Drupal: Enterprise Edition

07.11.2006

The title is an oxymoron, and half a joke. However, it seems that at times, websites require a very strict process of development. Typically the flow is development (either the developers localhost, or a communal crap site), to staging (where there's testing) to production. I'm going to go out on a limb here, and declare that drupal handles this kind of enviroment HORRENDOUSLY.

Today, I attempted to briefly map out how the hell one was supposed to manage updating a site's configuration without changing user generated nodes, comments, files, terms, accounts, or any other thing "non-configuration setting". This was my recommendation:

Tables to leave alone on transfer from staging to livesite:

  1. Accesslog -- likely to grow to as large as 100+ megabytes depending on how long we need to store data.
  2. Cache -- We should empty this table on both sites every time we transfer to and fro. Otherwise we'll give this table an opprotunity to be a trouble maker (especially once production goes full live -- we'll want to depend on cache for anonymous page views). 
  3. Comments -- no touch. 
  4. file_revisions, files -- no touch 
  5. forums -- leave alone for now. Fundementally, forums are nothing more than nodes with a taxonomy term -- the module simply processes the data in a special way. So, in short, the actual backend process for creating a new forum area on the live site is the same as when user Joan Doe shares her story. Risk factor = if it is a risk, than the entire site is f#cked. 
  6. Karma_objects, Karma_users, Karma Ratings -- since node's are going to be left untouched, we should leave this one untouched.
  7. All node fields should be left untouched except: a. node_type - the istings of types of custom content b. node_field_instance - individual field controls per node type c. node_field - global settings for individual fields New node types will carry over without a hitch -- minus the development/testing nodes (in theory).
  8. Profile values -- we'll want to transfer profile fields, but profile values is another story -- if we add new required field, its worth noting that drupal will grandfather users in who joined before the field existed -- until they choose to edit their profile.
  9. Search_index, search_total, search_dataset -- since we aren't carrying over changes from the node values fields, we'll want to leave these guys alone.
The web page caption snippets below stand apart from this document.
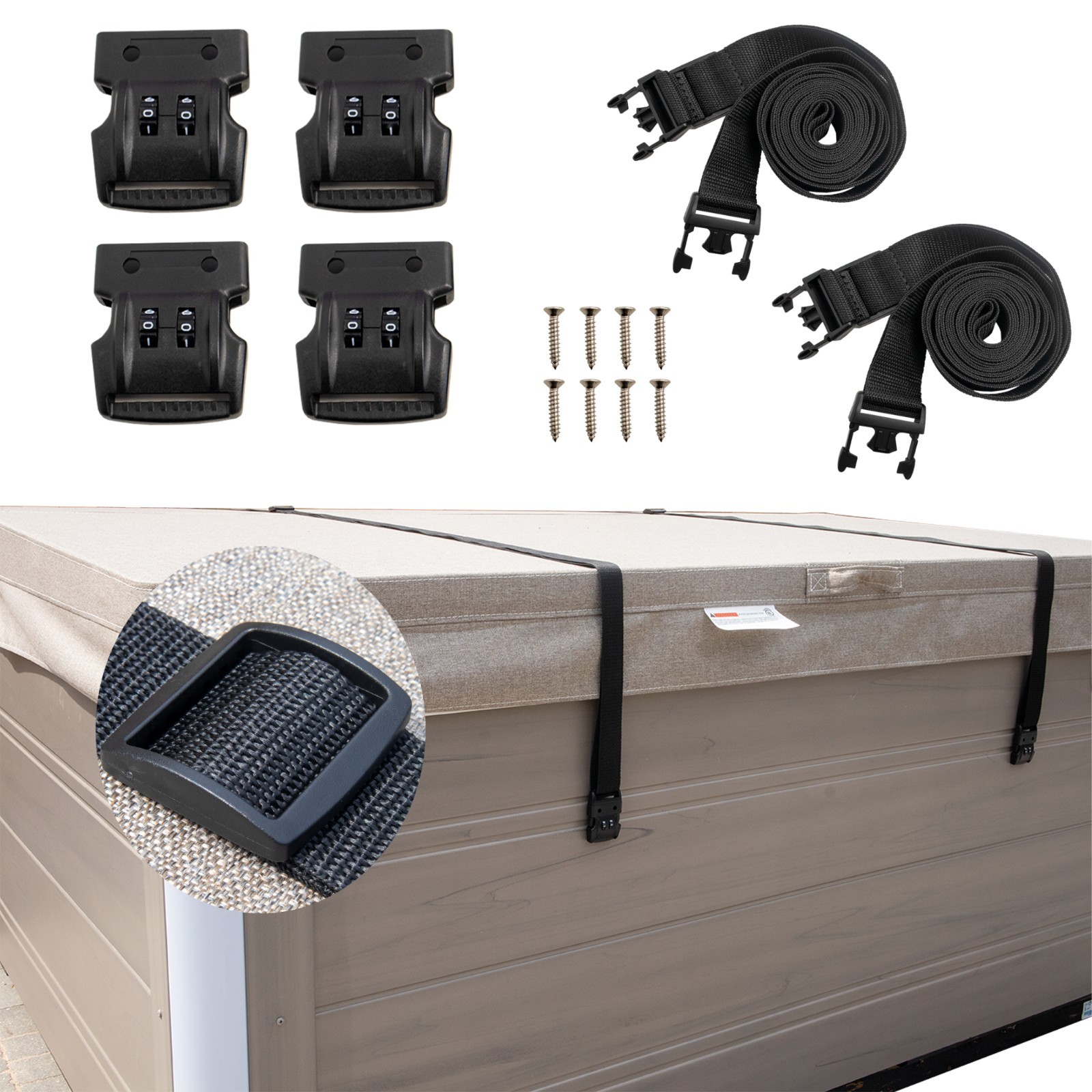 Happy Hot Tubs XL Storm Straps Adjustable Locking Strap for Hot Tubs Swim Spas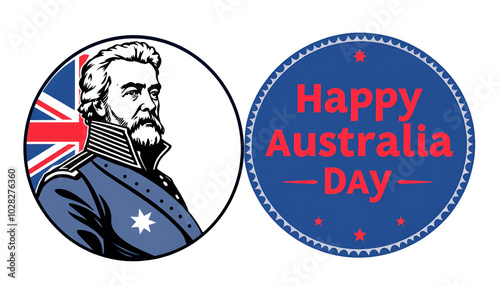 Happy Australia Day. Vector portrait of Royal Navy captain Arthur Fillip who founded the British colony that later became the city of Sydney. Design of round sticker, banner, stamp and festive badge photo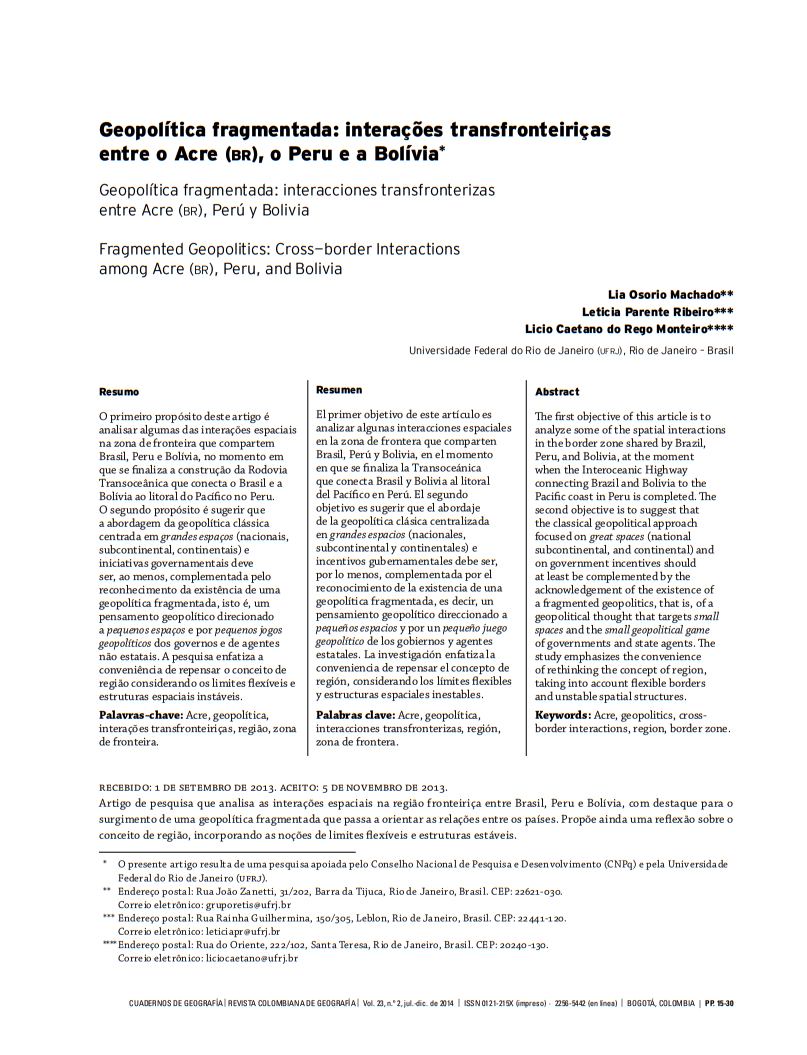 2014 – Geopolítica fragmentada interações transfronteiriças entre o Acre (BR), o Peru e a Bolívia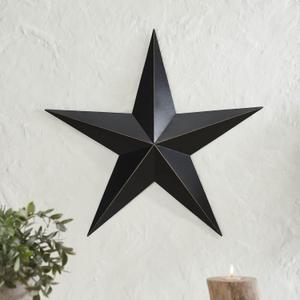 VHC Brands Patriotic Metal Star Distressed 24x24, Independence Day Decor, Decorative Wall Hanging, Rustic Farmhouse Decorations, Country Black, Vintage Tan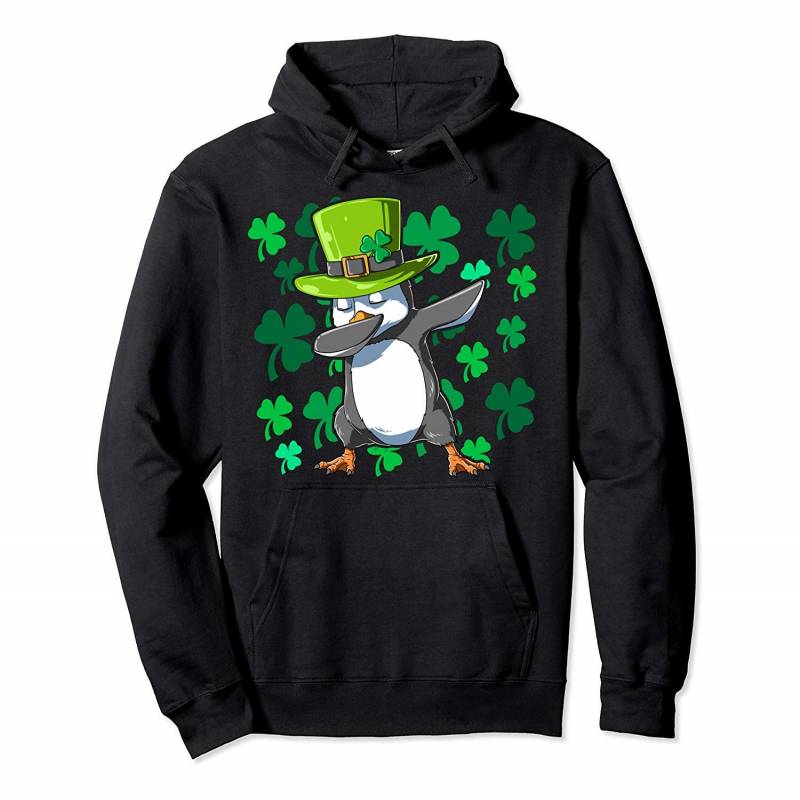 Penguin Dabbing Penguin Leprechaun Penguin St. Patrick’s Day Pullover Hoodie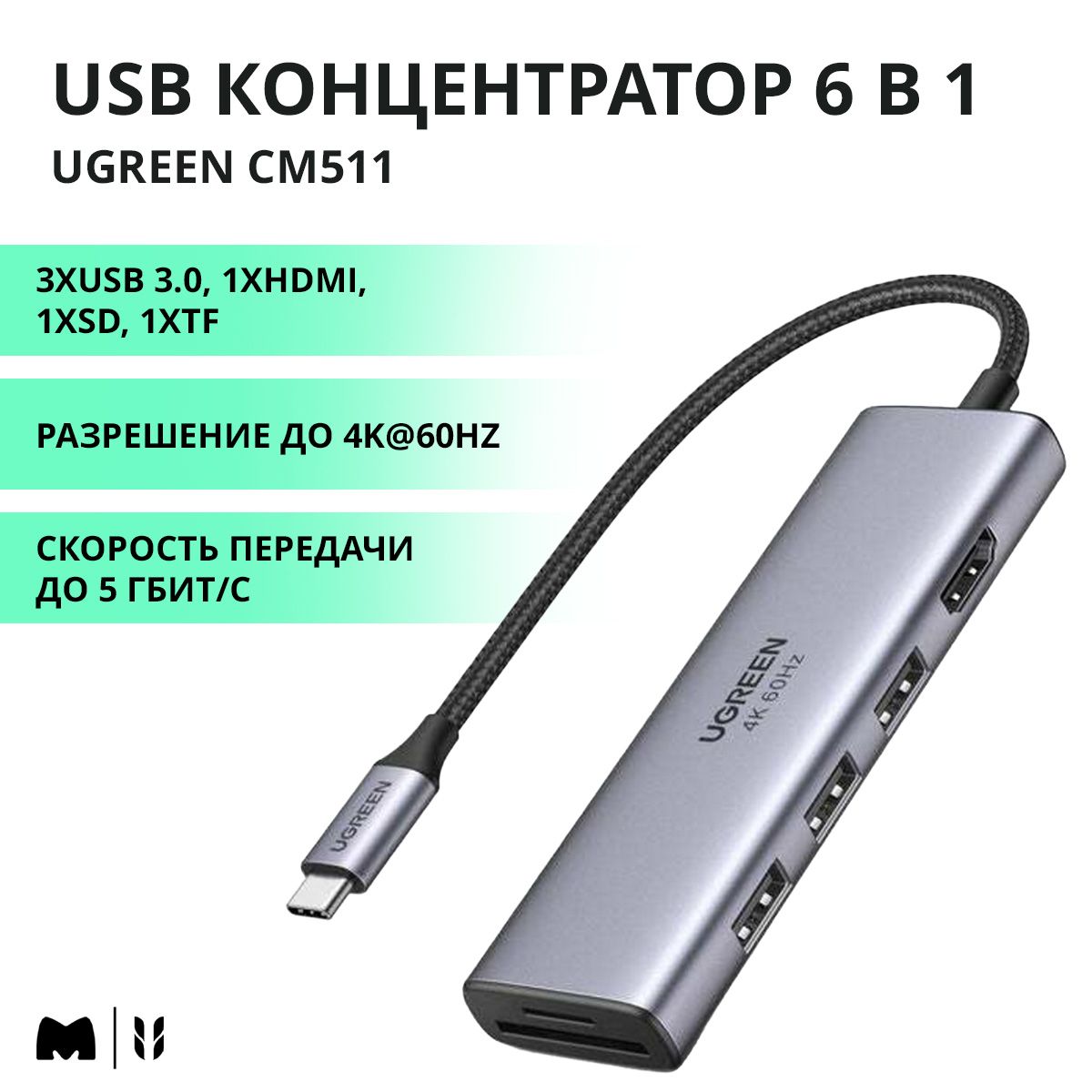 60383 UGREEN. USB концентратор Ugreen Premium 6 в 1 (хаб), USB 3.0, HDMI, TF/SD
If we create a test node, the search index will index it -- which could potentially result in an error.
  10. Sequences -- unfortunately, we'll need to update certain rows on this table, while leaving the rest alone. At the moment, we should update changes to only two rows, a. menu_mid -- for new menu items we might add, and b. view_view_vid -- views is the module that builds dynamic pages -- we may need to add new views in the coming future. 11. Sessions -- this table needs to be emptied. It stores the IP address of logged in users, basically telling drupal if you see this IP address , consider this user logged in. It also remembers what items the user should see in cached form. So, since we're clearing out cache at updates, we'll need to clear this table as well. Failure to do so could result in a a nasty error. 
  11. All taxonomy tables: term_data, term_hierarchy, term_node, term_relation, term_synonym, vocabulary, vocabulary_node_types -- shall be left untouched.
  12. all troll tables should be left untouched
  13. url_alias -- transferring changes from this table will result in error since we're leaving the node data tables untouched.
  14.  user, user_roles -- leave this untouched.

 

The first tests of this system worked on the database end. For now, it appears to have carried over configuration settings from dev, to staging without causing problems, and leaving existing content items (CCK, Views, and ALL) intact. But, I'm hardly celebrating. 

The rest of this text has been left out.